Imane Anys (born May 14, 1996), better known by her alias Pokimane, is a Moroccan Canadian Twitch streamer, YouTube personality, and gamer. Anys is best known for her live streams on Twitch, where she showcases her gaming experiences—most notably with League of Legends and Fortnite. In addition to streaming on Twitch, Anys has four YouTube channels: Pokimane, Pokimane Too, Imane, and the now-defunct Poki ASMR. In an interview with The Rift Herald regarding OfflineTV, Anys said, "…it's not fun being a streamer and living alone, so we decided to come together in a way so we not only keep each other company but we can also collab and actually do good work and content for everyone else." Anys was one of the first four members of OfflineTV.

Anys lived in the OfflineTV house until June 2020 and subsequently moved out to go live with fellow female streamers, including Valkyrae.
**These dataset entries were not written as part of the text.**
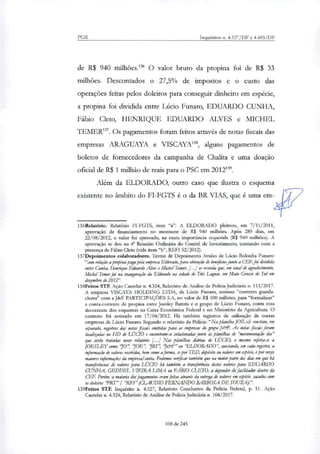 PGR Inquéritos n. 4.327/DF e 4.483/DF
de R$ 940 milhões.' O valor bruto da propina foi de R$ 33
milhões. Descontados o 27,5% de impostos e o custo das
operações feitas pelos doleiros para conseguir dinheiro em espécie,
a propina foi dividida entre Lúcio Funaro, EDUARDO CUNHA,
Fábio Cleto, HENRIQUE EDUARDO ALVES e MICHEL
TEMER'. Os pagamentos foram feitos através de notas fiscais das
empresas ARAGUAYA e VISCAYA", alguns pagamentos de
boletos de fornecedores da campanha de Chalita e uma doação
oficial de R$ 1 milhão de reais para o PSC em 2012139.
Além da ELDORADO, outro caso que ilustra o esquema
existente no âmbito do FI-FGTS é o da BR VIAS, que é uma em-
136Relatório. Relatório FI-FGTS, item "a": A ELDORADO pleiteou, em 7/11/2011,
aprovação de financiamento no montante de R$ 940 milhões. Após 289 dias, em
22/08/2012, o valor foi aprovado, na exata importância requerida (R$ 940 milhões). A
aprovação se deu na 4° Reunião Ordinária do Comitê de Investimento, contando com a
presença de Fábio Cleto (vide item "b", REFI 52/2012).
137Depoimentos colaboradores. Termo de Depoimento Avulso de Lúcio Bolonha Funaro:
"com relação a propina paga pela empresa Eldorado, para obtenção de bet4ciosjunto a CEP, foi dividida
entre Cunha, Henrique Eduardo Alves e Michel Temer; [...] se recorda que, em sinal de agradecimento,
Mac! Temer foi na inauguração da Eldorado na cidade de Três Lagoas, em Mato Grosso do Sul em
dezembro de 2012".
138Feitos STF. Ação Cautelar n. 4.324, Relatório de Análise de Policia Judiciária n. 113/2017.
A empresa VISCAYA HOLDING LTDA, de Lúcio Funaro, assinou "contrato guarda-
chuva" com a J&F PARTICIPAÇÕES S.A, no valor de R$ 100 milhões, para "formalizar"
a conta-corrente de propina entre Joesley Batista e o grupo de Lúcio Funaro, conta essa
decorrente dos esquemas na Caixa Econômica Federal e no Ministério da Agricultura. O
contrato foi assinado em 17/04/2012. Há também registros de utilização de outras
empresas de Lúcio Funaro. Segundo o relatório da Policia: "Na planilha JOE.xls constam, em
separado, registros dar notas fiscais emitidas para as empresas do grupo JerE As notas fiscais foram
localizadas no HD de LÚCIO e encontram-se colacionadarjunto às planilhas de "movimentação dia"
que serão tratadas nesse relatório [...I Nas planilha, diárias de L (TC70, o mesmo referia-se a
JOESLEY como 70'; 70E'; 7BS'; 76F" ou 'ELDORADO '; constando, em cada registro, a
informação de valores recebidos, bem como a forma, se por TED, depósito ou valores em espécie, e por vezes
maiores informações da empresa' conta. Podemos verificar também que na maior pane dos dias em que há
traruferênciar de valores para Lúao há também a transferincia destes valores para EDUARDO
CUNHA, GEDDEL VIEIRA LIMA ou FÁBIO aFT°, a depender do facilitador dentro da
CP.F. Porém, a maioria dos pagamentos eram feitas através da entrega de valores em espécie, sacados com
os dokiros PRT" / 'RIO" (CLAUDIO FERNANDO BARBOSA DE SOUZA).".
139Feitos STF. Inquérito n. 4.327, Relatório Conclusivo da Policia Federal, p. 11. Ação
Cautelar n. 4.324, Relatório de Análise de Policia Judiciária n. 104/2017.
108 de 245
 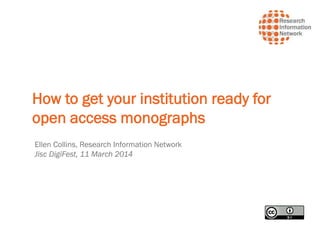 How to get your institution ready for
open access monographs
Ellen Collins, Research Information Network
Jisc DigiFest, 11 March 2014
 
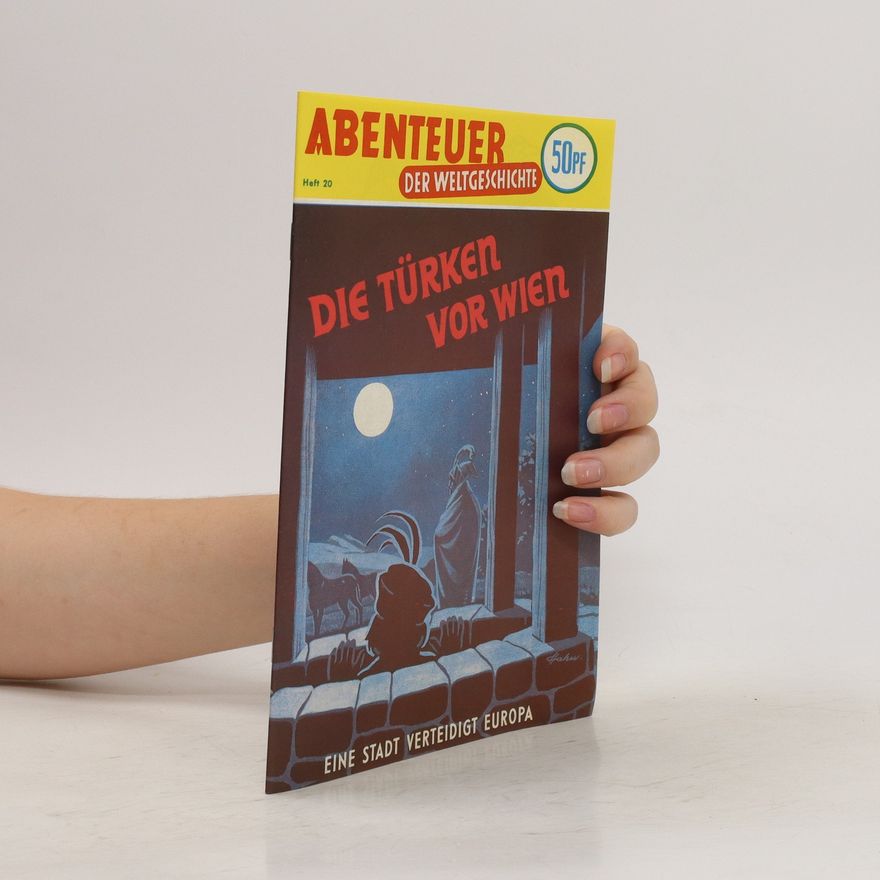 Autorenkollektiv Abenteuer der Weltgeschichte 20. Die Türken vor Wien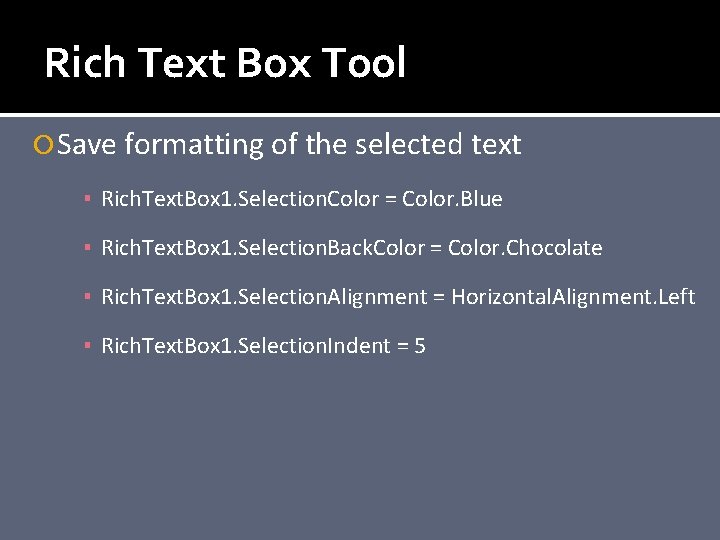 Rich Text Box Tool Save formatting of the selected text ▪ Rich. Text. Box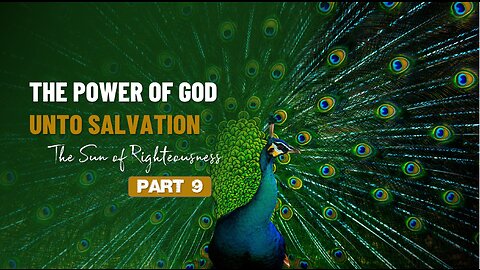 009 THE POWER OF GOD UNTO SALVATION part 9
While she initially announced that the move was a result of having trouble balancing work and life, Anys later revealed that growing issues with former OfflineTV member Federico "Fedmyster" Gaytan were a major contribution. Anys stated that she had lost trust in Gaytan after finding out he had lied to others about her.

On May 19, 2023, OfflineTV announced that Anys would be graduating from OfflineTV, however she still continues to have a presence in the group, having been featured in videos as a guest.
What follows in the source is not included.